Solution Type Dialog Box for HFSS Designs
Solution Type Options
Three additional options are available for the HFSS, HFSS with Hybrid and Array, and Transient solution types only.
- Choose one of the following two options:
- Network Analysis: The default solution option for applicable solution types.
- Composite Excitation: This option provides a method for solving fields in a large frequency domain problem.
- Auto-Open Region: This option is typically used for antenna simulations. It automatically creates an open region and a predefined analysis setup for the project. You can select whether the region is Radiation, FE-BI, or PML. This option simplifies the design process. If you do not choose Auto-Open Region, you must create an air box and then assign a radiation boundary, either manually, or using the Create Open Region command.

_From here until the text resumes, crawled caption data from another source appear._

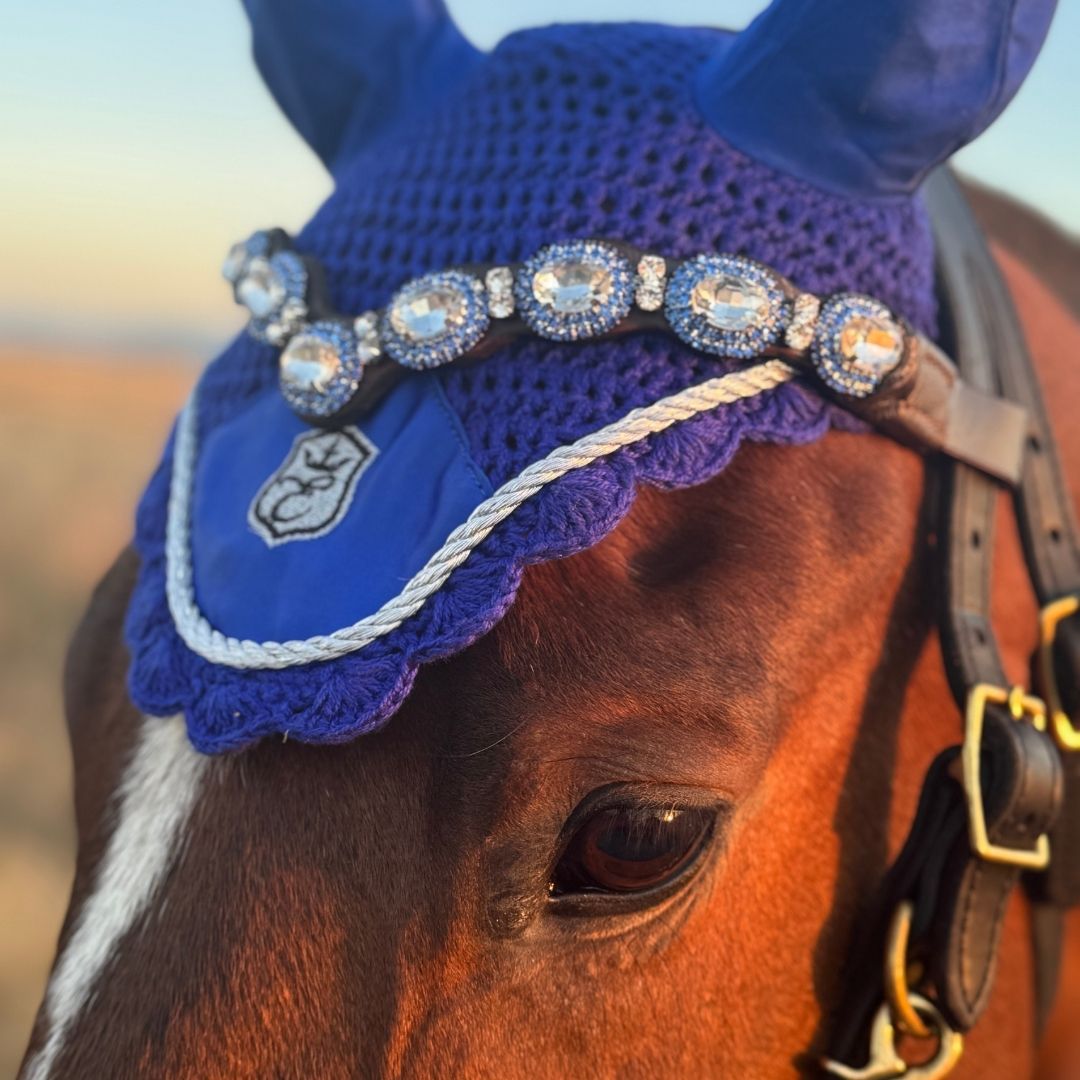 Majorelle Blue Ultra Bling Browband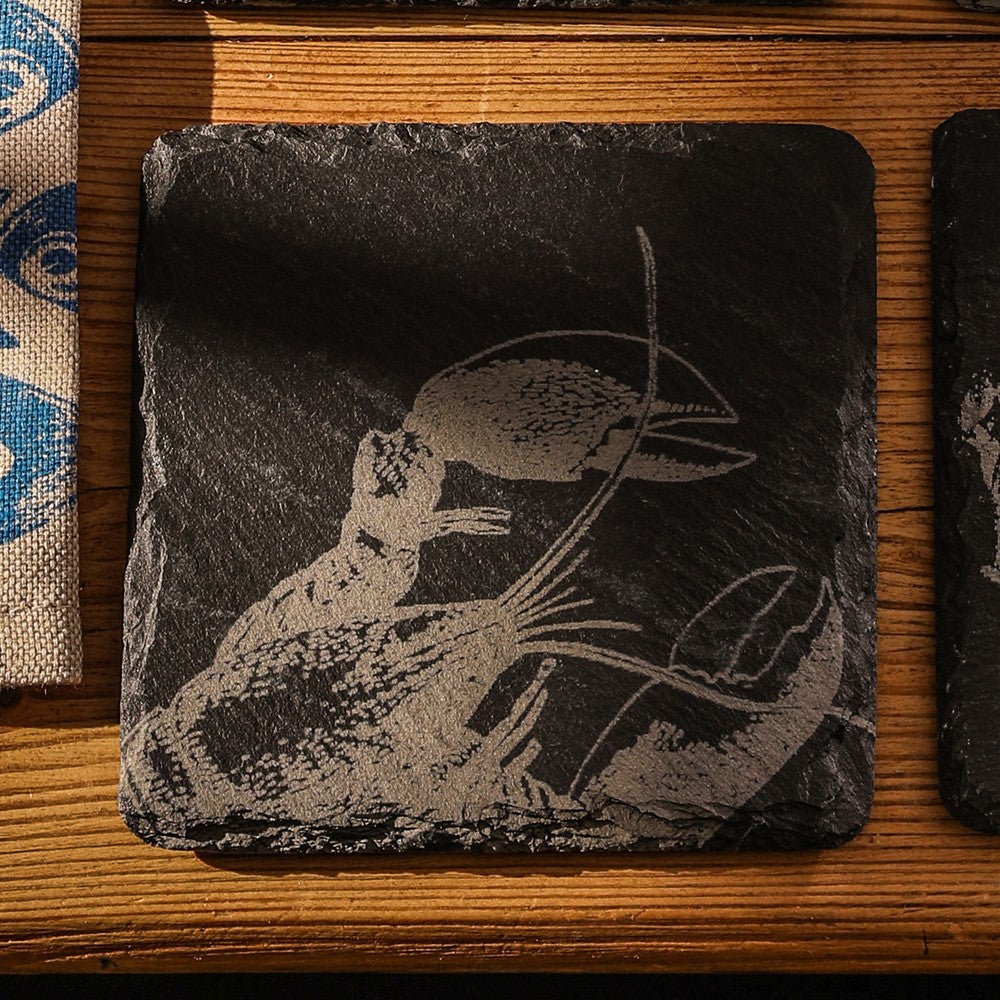 Lobster Single Slate Coaster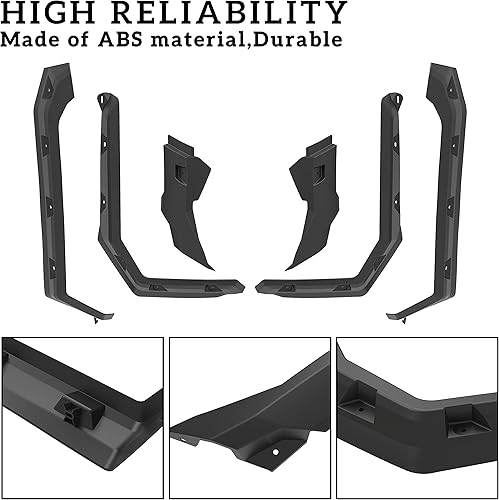 Miniatura 3 de SAUTVS Guardabarros deportivos para Can Am Defender, kit de aletas de barro extendidas delanteras y traseras resistentes para Can-Am Defender HD5
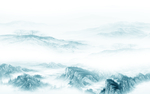 简约意境爆款山水 tif分层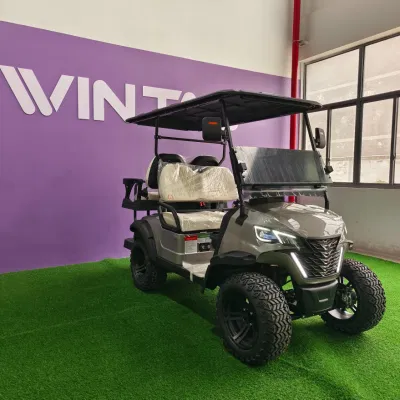 2023 New Design Street Legal Elevado eléctrico 2+2 seater Golf Carro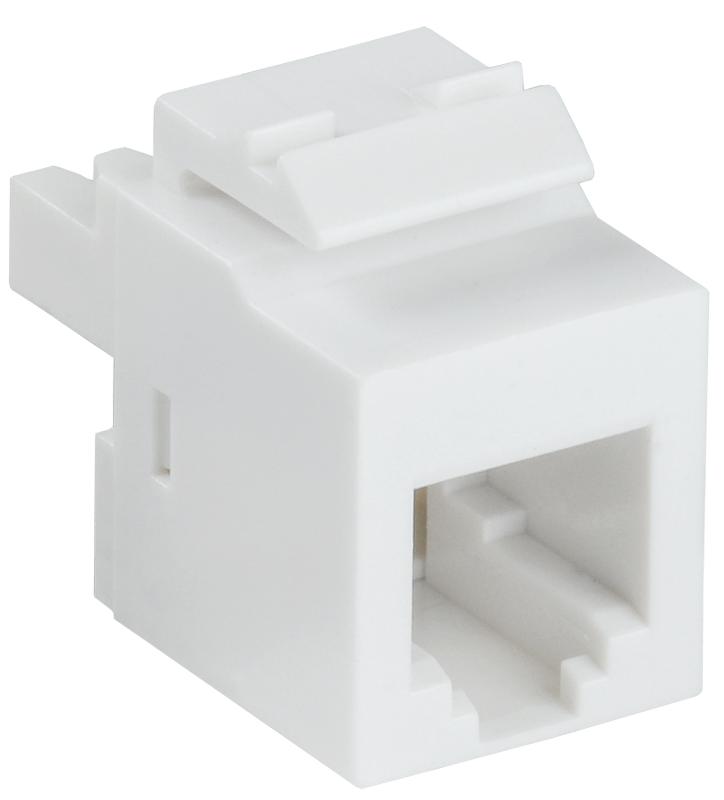 Модуль Keystone Jack кат. 3 RJ12 UTP 110 IDC 180 град. | CS1-3C03U-12 | ITK — ITK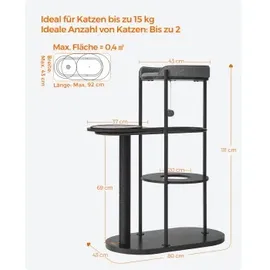 Songmics Feandrea Kratzbaum modern schwarz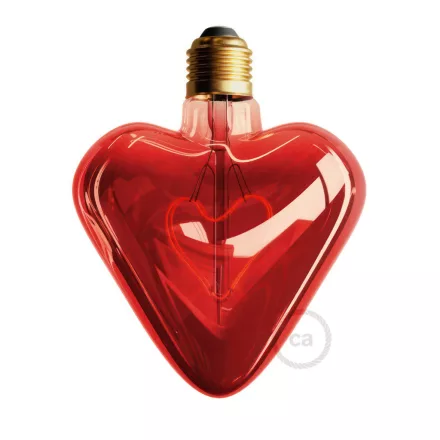LED bulb - Red Heart - 5W 150Lm E27 2000K Dimmable
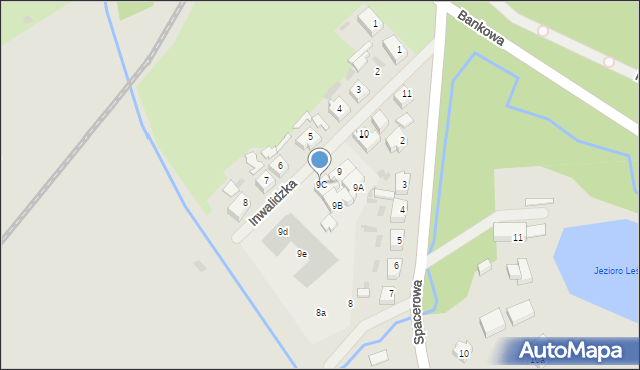 Goleniów, Inwalidzka, 9C, mapa Goleniów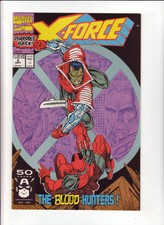 X-Force #2 8.5 VF+ 1991 Marvel Comic 2nd Deadpool !  The Blood Hunters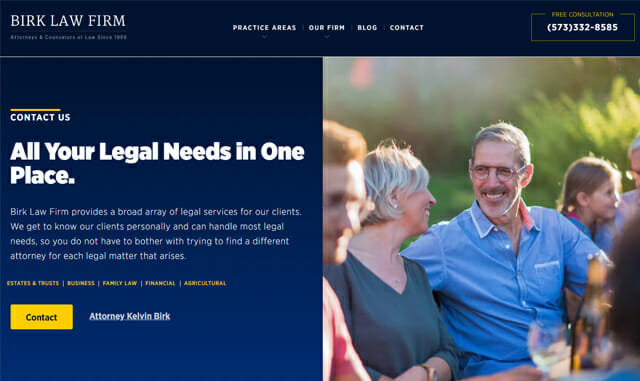 Missouri Lawyer Web Design
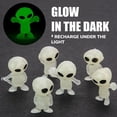thumbnail image 5 of Glow in The Dark Alien Figurines for Kids - 100 Pcs Small Halloween Toys for Halloween Party Favors - 1" Bulk Toys Goodie Bag Pinata Stuffers - Bulk Gifts for Kids - Vending Machine Toy, 5 of 7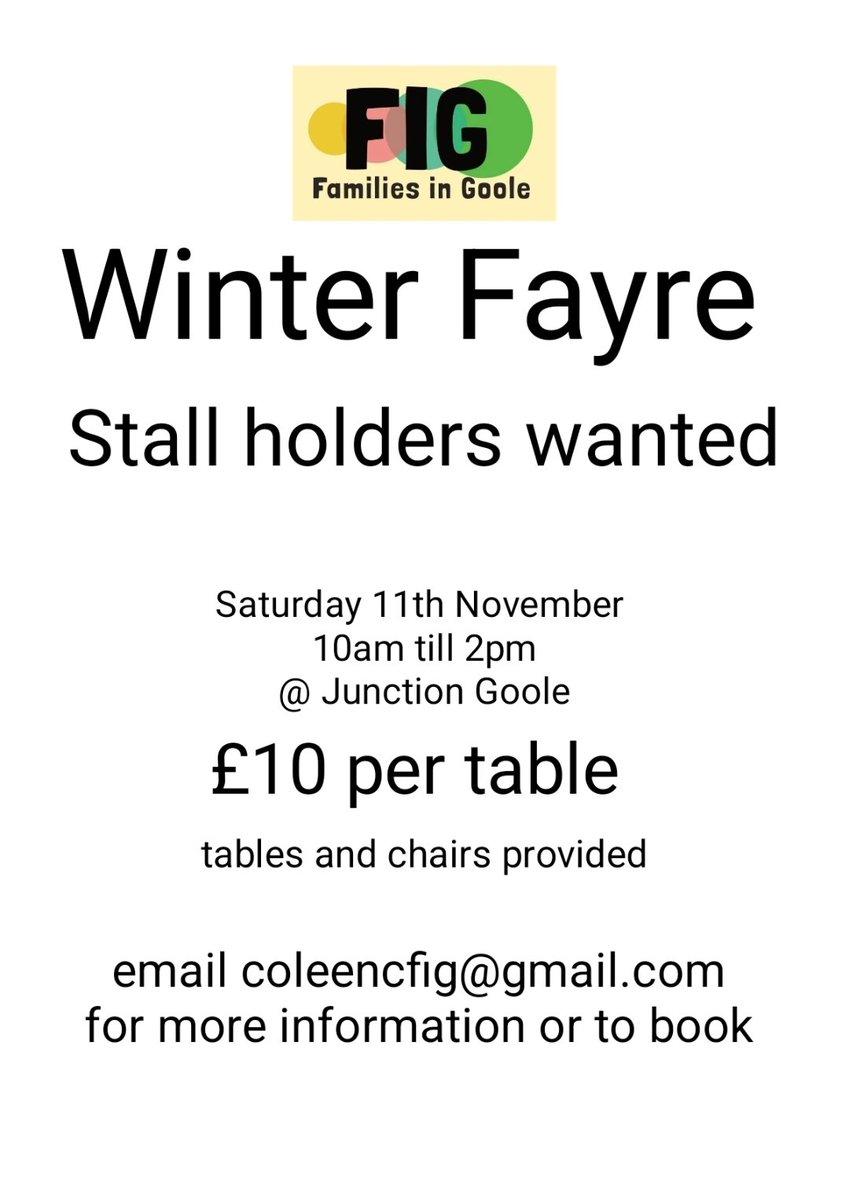 FIG: Families in Goole tweet media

Two additional options are available for HFSS and HFSS with Hybrid and Array solution types only.
- Choose one of the following two options:
- Modal: This option yields S-matrix solutions that are expressed in terms of the incident and reflected powers of transmission line modes.
- Terminal: The default option for applicable solution types. This option yields S-matrix solutions that are expressed in terms of terminal voltages and currents. For simulations that deal with signal integrity, the Terminal solution option is preferred. Such problems generally include transmission lines with single wave or multiple conductors.
Modal Option versus Terminal Option:
If HFSS is used to model a pair of coplanar, parallel microstrip transmission lines, a driven modal solution yields results in terms of the even and odd modes that propagate on the structure, whereas a driven terminal mode solution generates the common and differential mode results.
HFSS Simulation Examples
The design below represents a terminal solution of a differential pair of vias. A pair of lines transition through circuit board vias to a pair of striplines on a lower layer. The two microstrip lines and the striplines are each assigned a terminal in the coupled microstrip port. The conductors are copper, and a radiation boundary is applied to the air box. The design was solved at 4.38 GHz, and the electric field plots on the surfaces of the wave ports with terminals are shown in the following figure:
Terminal Solution of a Differential Pair of Vias
The following figure represents a modal solution of a connector between a coaxial and microstrip line:
Connector between Coaxial and Microstrip Line
The following figure demonstrates a 3D finite element transient simulation of a lightning strike on a helicopter. Large currents flow through the aircraft skin generating electromagnetic field with the potential to damage sensitive equipment within. By using a transient simulation such challenges can be predicted early in the design phase saving costly empirical testing.
Lightning Strike Simulation of a Helicopter